Aim of the exercise => All of the data below should be set down again verbatim, without any images.

Available data =>
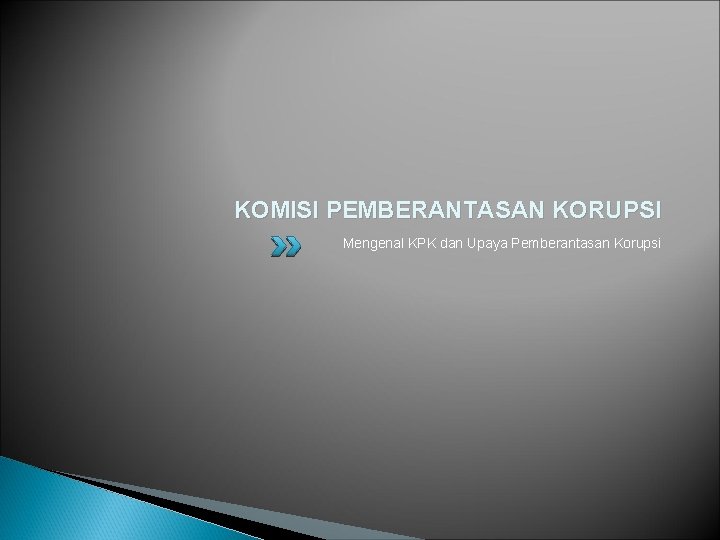 KOMISI PEMBERANTASAN KORUPSI Mengenal KPK dan Upaya Pemberantasan Korupsi 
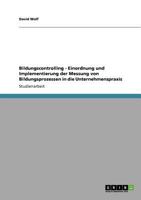 Bildungscontrolling - Einordnung und Implementierung der Messung von Bildungsprozessen in die Unternehmenspraxis 3640773985 Book Cover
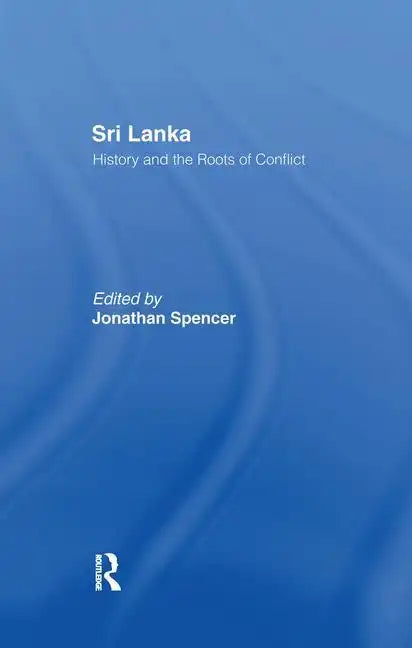 Sri Lanka: History and the Roots of Conflict - Paperback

Solved exercise =>
 KOMISI PEMBERANTASAN KORUPSI Mengenal KPK dan Upaya Pemberantasan Korupsi 
 Bildungscontrolling - Einordnung und Implementierung der Messung von Bildungsprozessen in die Unternehmenspraxis 3640773985 Book Cover
 Sri Lanka: History and the Roots of Conflict - Paperback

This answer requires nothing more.